# Instructions for the task:
When a line in the entries contains the word "お庭付きの角地という贅沢な立地", copy that line in full.

# Data provided:
═══

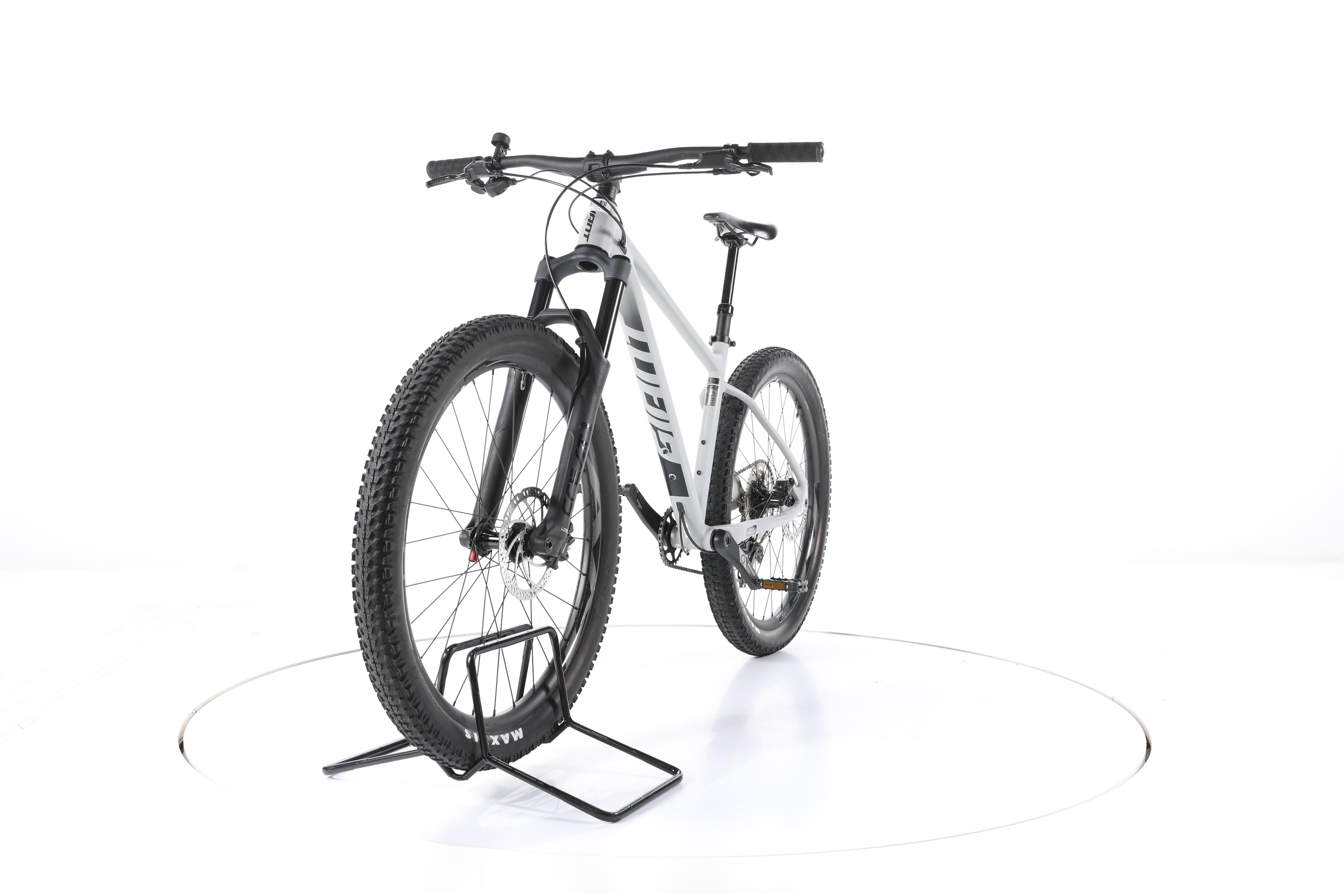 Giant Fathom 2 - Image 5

═══

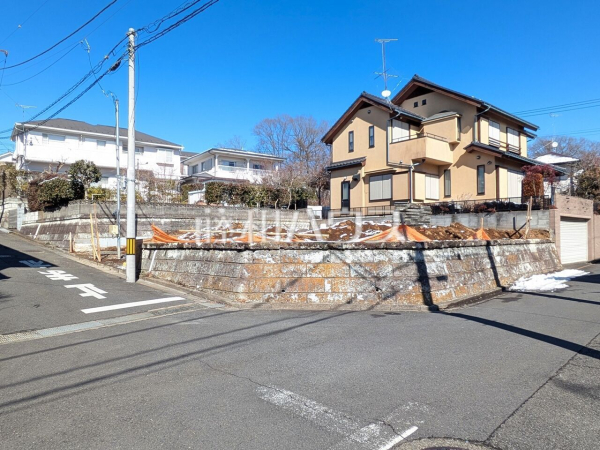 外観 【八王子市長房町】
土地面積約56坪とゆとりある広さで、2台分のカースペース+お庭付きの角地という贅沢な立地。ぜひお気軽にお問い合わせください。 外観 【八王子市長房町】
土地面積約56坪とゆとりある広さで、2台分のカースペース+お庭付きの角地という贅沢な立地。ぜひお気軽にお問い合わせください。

═══

# Exercise result:
土地面積約56坪とゆとりある広さで、2台分のカースペース+お庭付きの角地という贅沢な立地。ぜひお気軽にお問い合わせください。 外観 【八王子市長房町】
土地面積約56坪とゆとりある広さで、2台分のカースペース+お庭付きの角地という贅沢な立地。ぜひお気軽にお問い合わせください。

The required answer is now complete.